**Problem details:**
When you print the material, keep every line identical to the original.

**Dataset extract:**
--- START ---
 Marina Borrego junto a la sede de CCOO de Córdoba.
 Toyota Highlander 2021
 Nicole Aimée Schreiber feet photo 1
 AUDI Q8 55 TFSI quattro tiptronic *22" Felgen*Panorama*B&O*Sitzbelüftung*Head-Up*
--- END ---
**Written reply:**
 Marina Borrego junto a la sede de CCOO de Córdoba.
 Toyota Highlander 2021
 Nicole Aimée Schreiber feet photo 1
 AUDI Q8 55 TFSI quattro tiptronic *22" Felgen*Panorama*B&O*Sitzbelüftung*Head-Up*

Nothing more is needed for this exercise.